== Segment start ==

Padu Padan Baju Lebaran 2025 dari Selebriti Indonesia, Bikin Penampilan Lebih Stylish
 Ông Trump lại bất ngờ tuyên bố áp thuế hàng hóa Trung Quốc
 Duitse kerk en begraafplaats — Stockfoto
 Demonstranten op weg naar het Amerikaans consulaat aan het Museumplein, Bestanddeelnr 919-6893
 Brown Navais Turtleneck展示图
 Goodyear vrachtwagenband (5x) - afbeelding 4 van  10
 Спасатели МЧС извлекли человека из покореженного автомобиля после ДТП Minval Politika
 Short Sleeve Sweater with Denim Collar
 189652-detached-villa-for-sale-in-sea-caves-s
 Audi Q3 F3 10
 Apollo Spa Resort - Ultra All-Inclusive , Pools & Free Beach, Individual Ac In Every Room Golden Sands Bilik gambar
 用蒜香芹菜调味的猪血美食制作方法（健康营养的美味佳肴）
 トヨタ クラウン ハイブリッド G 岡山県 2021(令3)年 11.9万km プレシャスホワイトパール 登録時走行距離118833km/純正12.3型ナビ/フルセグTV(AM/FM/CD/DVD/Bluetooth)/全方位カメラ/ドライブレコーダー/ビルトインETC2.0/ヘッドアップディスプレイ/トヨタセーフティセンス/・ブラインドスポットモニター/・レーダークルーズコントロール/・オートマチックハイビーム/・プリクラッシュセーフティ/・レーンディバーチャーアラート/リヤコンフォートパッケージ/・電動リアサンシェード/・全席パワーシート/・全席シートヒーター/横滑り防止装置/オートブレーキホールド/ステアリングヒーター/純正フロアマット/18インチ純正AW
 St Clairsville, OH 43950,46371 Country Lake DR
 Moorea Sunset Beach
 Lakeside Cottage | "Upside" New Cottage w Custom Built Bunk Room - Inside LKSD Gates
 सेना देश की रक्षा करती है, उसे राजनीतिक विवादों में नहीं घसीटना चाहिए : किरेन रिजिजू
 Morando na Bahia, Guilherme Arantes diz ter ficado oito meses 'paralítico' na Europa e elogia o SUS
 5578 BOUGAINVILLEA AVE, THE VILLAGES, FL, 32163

== Segment end ==

● Problem requirements
Find and count the lines of the data that include the string "Room", and report that figure by itself.

● Output of the task
2